I don't know if either of these methods will work in the future of course, but they were certainly interesting to develop.
I am truly impressed!
Definitely appreciate the detailed response! Do you plan on back/forward testing it?
Looks powerful enough to over-fit. Is that a concern? If so, what's the plan for combating it?
Could you give a single ticker, curious, how illiquid those are, cuz for me liquidity is key factor.
some of the info are useless, some useless, some sensible, some nonsense.
so do make good judgement.
so maybe that was an ironic joke and i got it wrong & for real
I started forward testing the k-nearest neighbor strategy with some real money this past Friday (bought EPHE iShares MSCI Philippines ETF which had the highest score after February 14). The genetic programming strategy didn't have a signal.
The genetic programming strategy can easily overfit data if given the wrong kinds of inputs. I've been running it daily for 30 models long and 30 models short for predicting the direction of S&P 500 for 10 trading days after the next day's close. For each model, a scripts finds the proportion of all 169 indicators in the fittest 200 rules. Another script calculates Pearson's correlation coefficient for each pair of models using the proportions of the 169 indicators from each model in the pair.
These correlations are high. For example, in my most recent run after the close Friday, February 15, correlations for long-predicting models vs other long-predicting models ranged from 0.95 to 0.99. The correlations for short-predicting models vs other short-predicting models ranged from 0.87 to 0.99. The correlations for long-predicting models vs short-predicting models ranged from 0.81 to 0.96.
I'm no expert on statistics, but I think the high correlations mean the models are finding similar solutions. And when I look at the best rule from each model, I see similar relationships among the indicators. When I tried the genetic programming method with different kinds of indicators, the corresponding model correlations were much lower -- maybe about in the range of -0.10 to 0.60 (from what I remember). The models being similar with my current indicators gives me some confidence they are valid for awhile (hopefully for the 10 trading days they predict for).
In addition, the genetic programming strategy won't be relating indicators of different types in the same instruction. For example, it won't compare an oscillator-type indicator with a rate of return-type indicator because that would be meaningless. This run-time typing might help the strategy avoid spurious results.

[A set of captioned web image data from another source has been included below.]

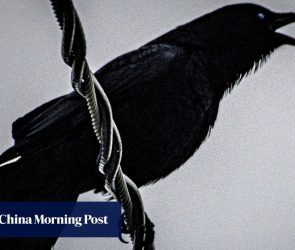 How Japan’s capital put a lid on crow chaos with a ‘simple’ fix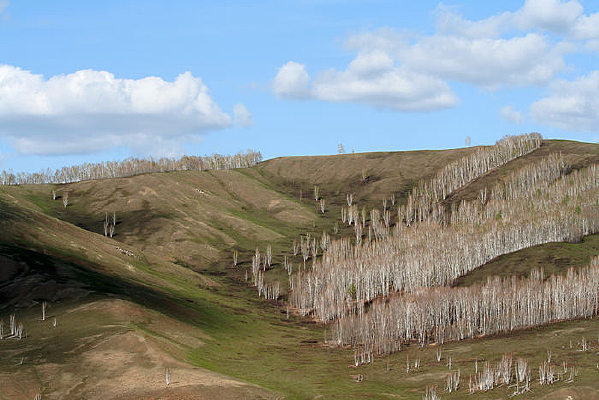 ���ŵİ����ִ�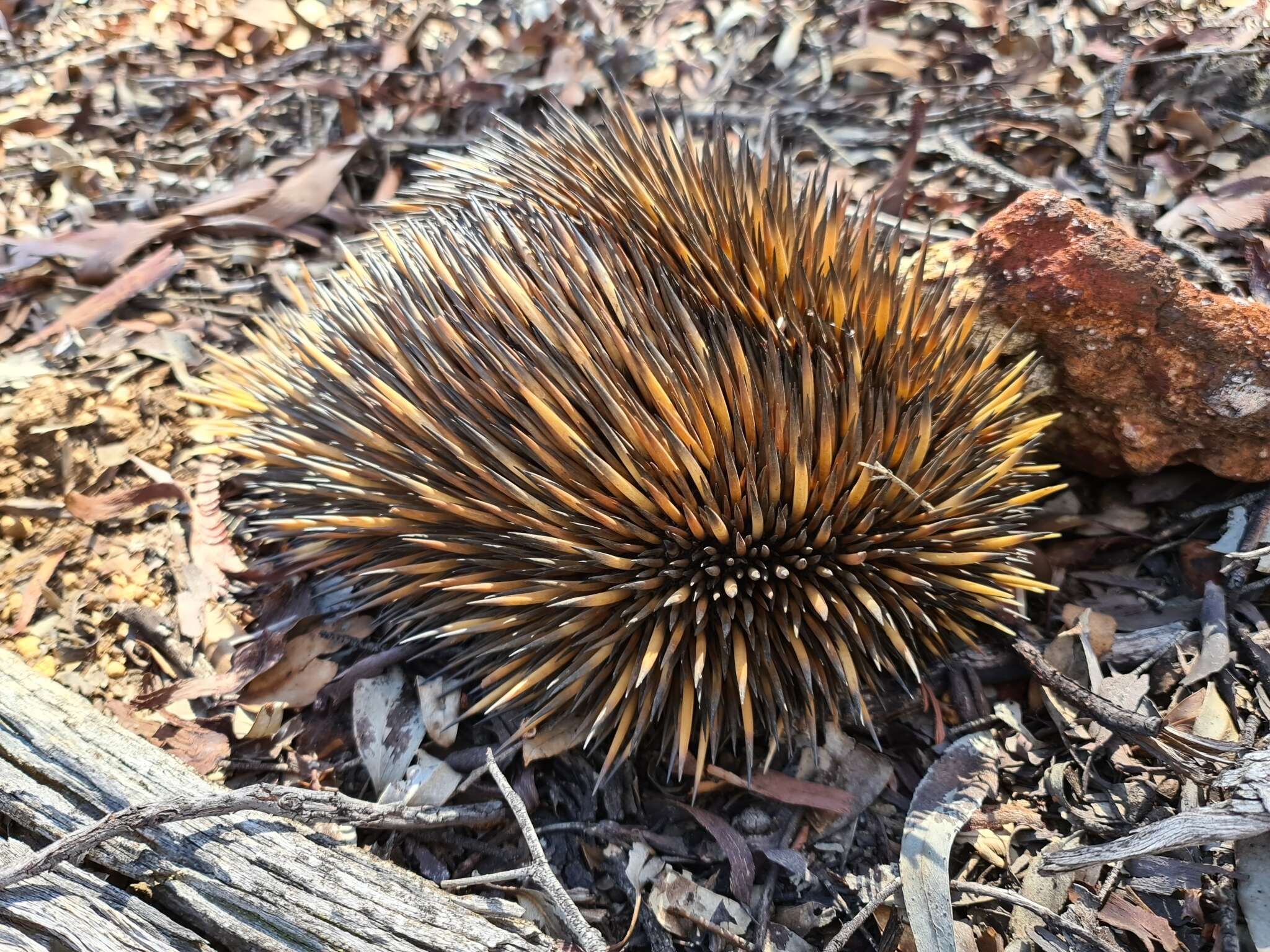 Image of Tachyglossus aculeatus acanthion (Collett 1884)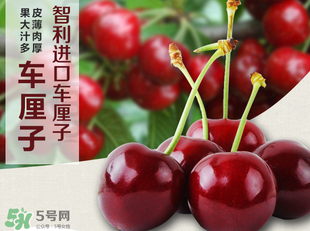車?yán)遄恿验_能吃嗎？車?yán)遄訛槭裁磿?huì)裂開？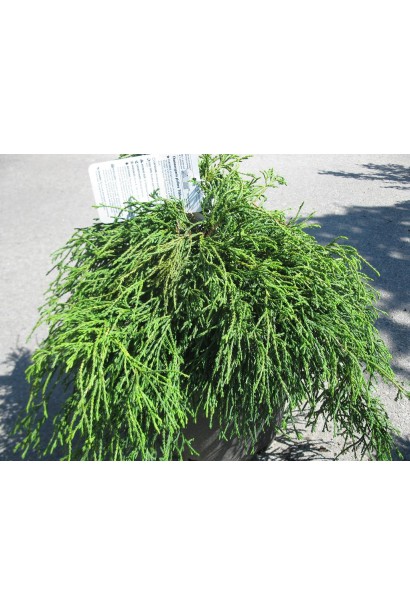 Кипарисовик Filifera Nana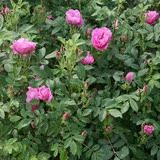 秋季盆栽地栽玫瑰花苗/大马士革/香水玫瑰食用玫瑰花苗窗台庭院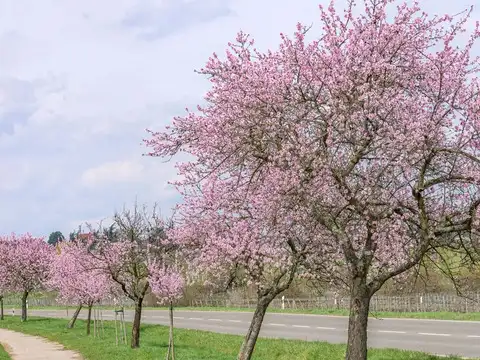 German Wine Route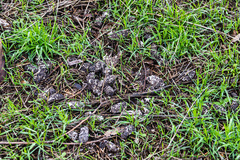 Castorimorpha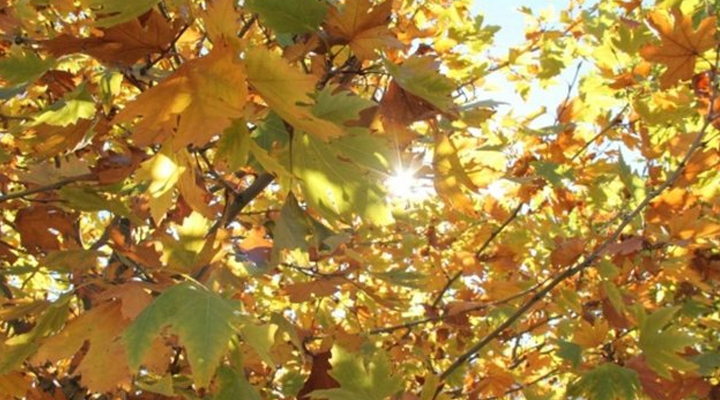 Pastırma sıcakları ne zaman başlıyor?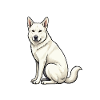 Don't Bother Me White Shepherd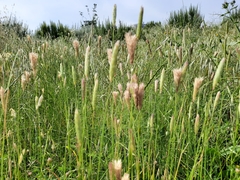 Alopecurus arundinaceus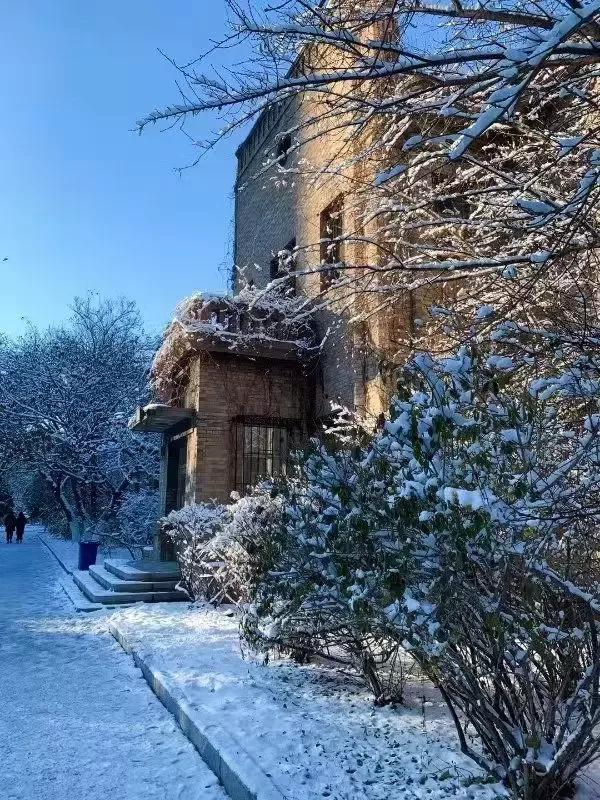 辽宁大学和鲁迅美术学院,辽宁省鲁迅美术学院是985吗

For the k-nearest neighbor strategy (also run daily), I was thinking it would be not too likely to overfit because it looks at a wide variety of assets. It uses, according to etfdb.com, the 550 highest average 3-month volume, passively-managed, unleveraged, non-inverse ETFs not including asset classes bond, currency, preferred stock, or multi-asset (multi-asset ETFs seem to have a lot of bonds and/or cash).
But it will score the assets differently when using more or less model data (e.g., 5 years vs 20 years). And it isn't always clear to me that using more model data is better because the data could be dominated by assets that existed longer.
Good luck, but settle down and don't overthink things that don't matter brother. That's all I have to offer
Getting some skin in the game, not too much, is good for experience. But for forward testing, have you tried simulation? There is a tendency to think, the longer and harder pursuit, leads to results and "now I should be ready". Not so in trading. If leaning on the analysis paralysis-side, it's good not to incur psychological damage due to meeting reality of this business.